• Assignment
Extract, word for word, each line from the line holding "Happy family watching" through the end of the records. Omit every picture.

Short descriptive text snippets

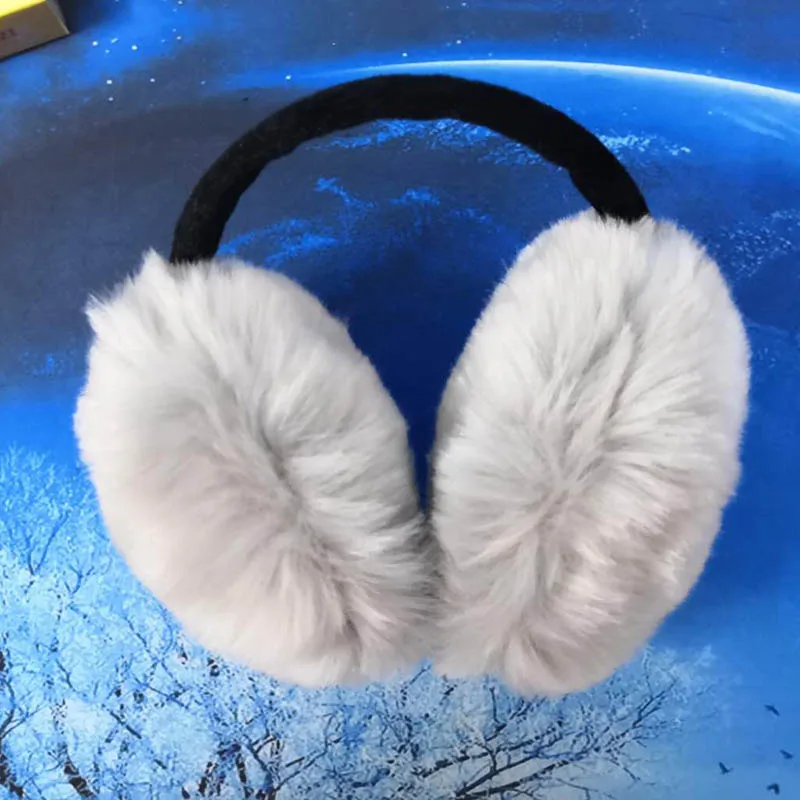M11 Gray02 Calymel женские пушистые наушники зимние теплые мягкие плюшевые наушники унисекс новые милые наушники рождественские подарки меховые наушники - Цвет: M11 Gray02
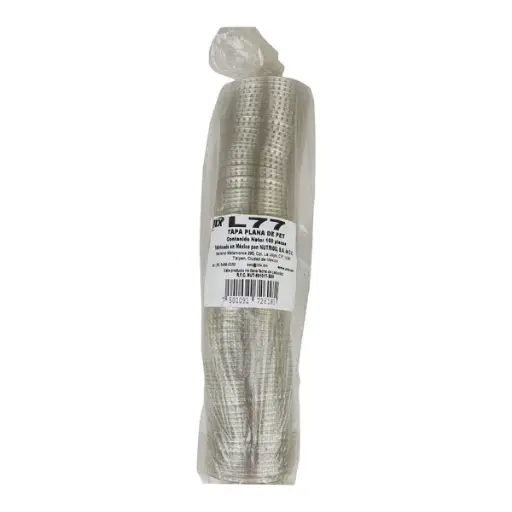 [L77]  TAPA PLANA DE PET/T, DIÁM.  DE 7.8 CM, PARA VASO DE 7,  10, 12 OZ. 1000 PZAS INIX
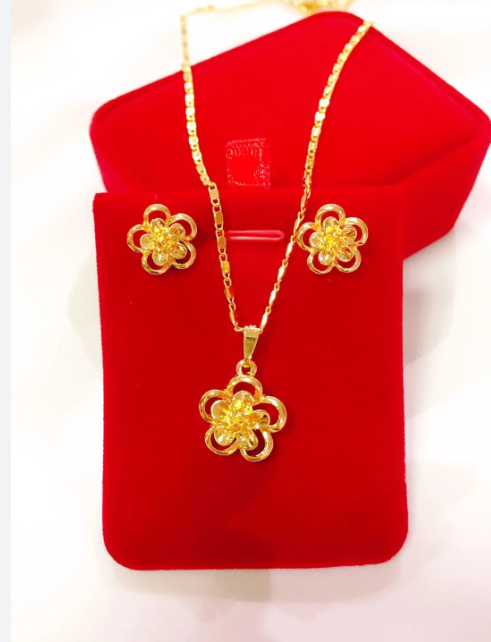 Fashion Jewelry 24k Gold Plated 2in1Set Bangkok for Women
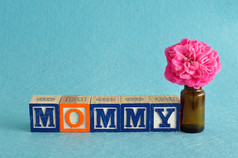 的词妈妈拼写与字母块对蓝色的背景与粉红色的花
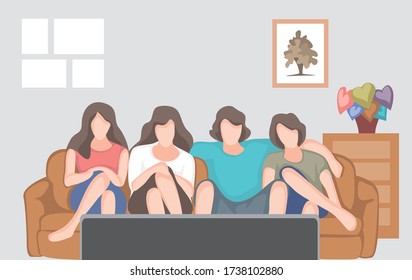 Happy family watching television sitting on the couch at home. 
Vector illustration in a flat style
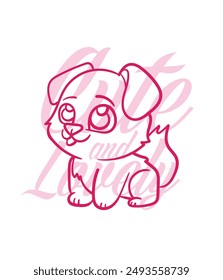 adorable dog vector with text cute and lovely background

• Exercise answer
 Happy family watching television sitting on the couch at home. 
Vector illustration in a flat style
 adorable dog vector with text cute and lovely background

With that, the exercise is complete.